**DATA PROVIDED**
····················

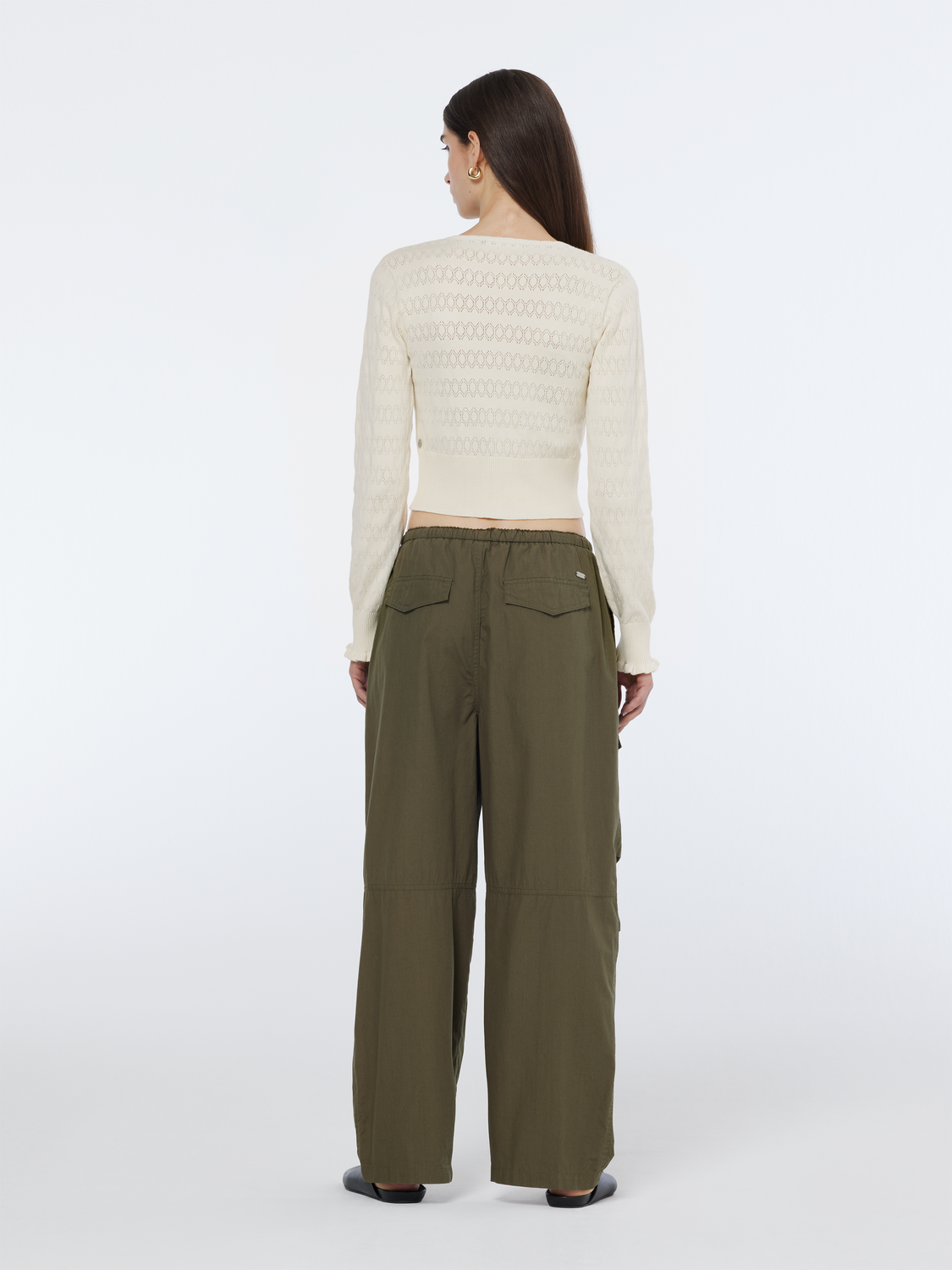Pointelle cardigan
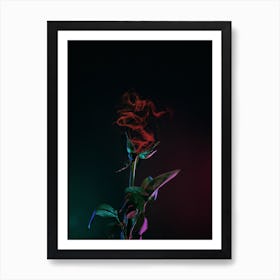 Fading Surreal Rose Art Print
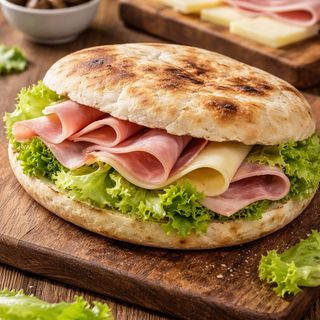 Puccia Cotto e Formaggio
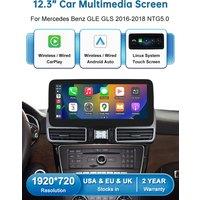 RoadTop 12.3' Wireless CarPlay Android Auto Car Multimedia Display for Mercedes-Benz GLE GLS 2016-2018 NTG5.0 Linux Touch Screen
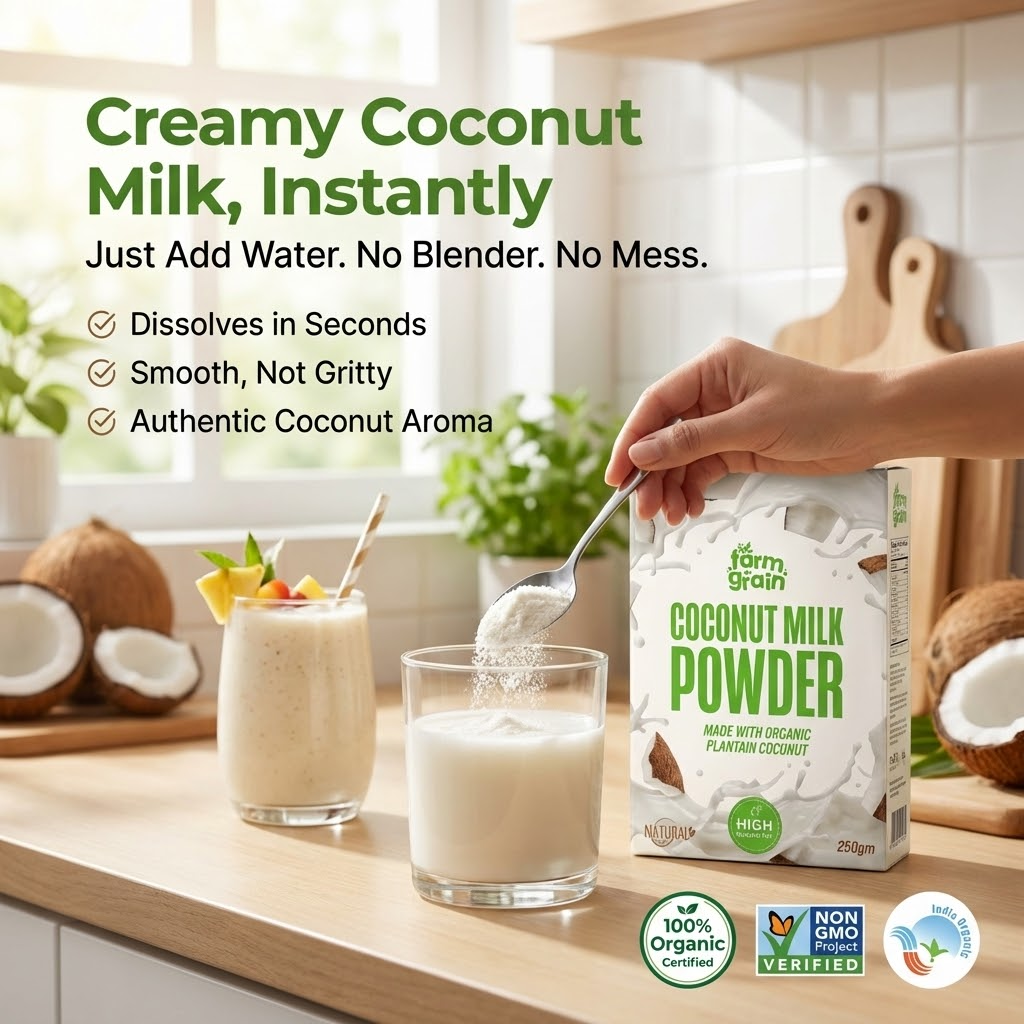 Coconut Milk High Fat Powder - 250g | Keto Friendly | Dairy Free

····················

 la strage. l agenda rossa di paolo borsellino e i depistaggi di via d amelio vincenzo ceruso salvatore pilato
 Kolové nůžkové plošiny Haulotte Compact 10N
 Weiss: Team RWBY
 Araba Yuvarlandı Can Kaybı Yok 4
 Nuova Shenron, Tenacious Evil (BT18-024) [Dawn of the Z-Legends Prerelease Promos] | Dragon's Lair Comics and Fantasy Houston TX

····················

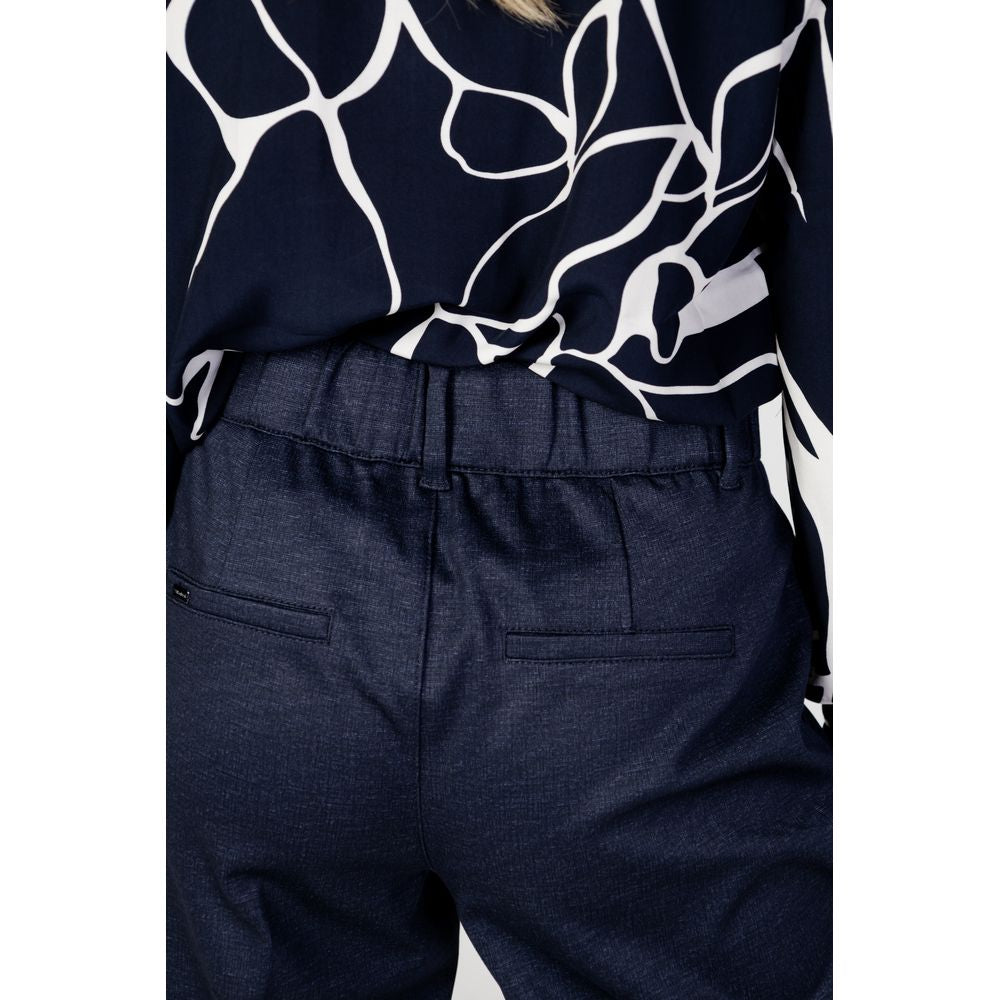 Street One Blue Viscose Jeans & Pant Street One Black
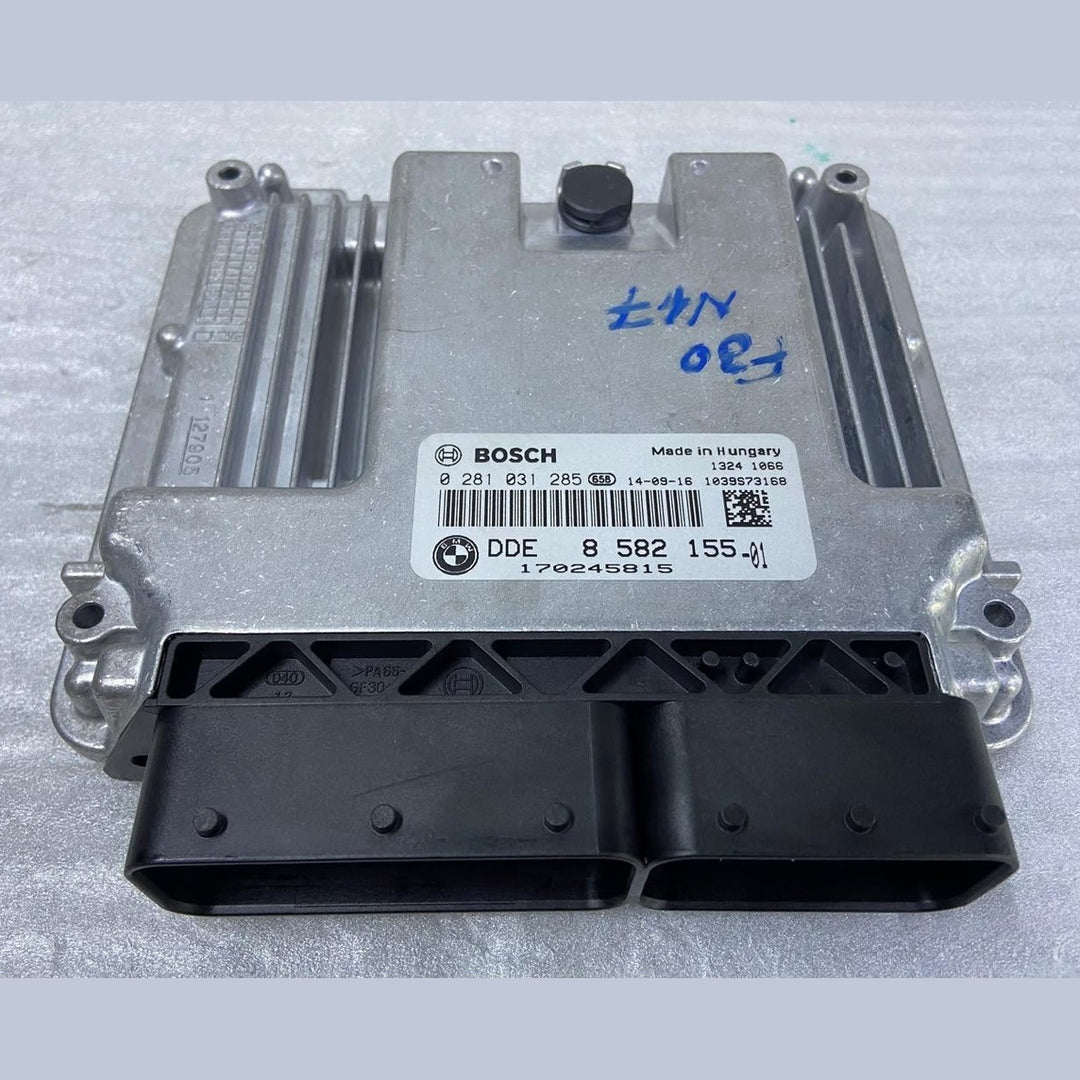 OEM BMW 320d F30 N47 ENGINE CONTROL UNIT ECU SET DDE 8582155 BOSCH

····················

**WORK ORDER**
Line for line, output the entries above from the line with "Pointelle cardigan" to the line with "Coconut Milk High", both included, and nothing more. Skip pictures.

**EXERCISE RESULT**
Pointelle cardigan
 Fading Surreal Rose Art Print
 Puccia Cotto e Formaggio
 RoadTop 12.3' Wireless CarPlay Android Auto Car Multimedia Display for Mercedes-Benz GLE GLS 2016-2018 NTG5.0 Linux Touch Screen
 Coconut Milk High Fat Powder - 250g | Keto Friendly | Dairy Free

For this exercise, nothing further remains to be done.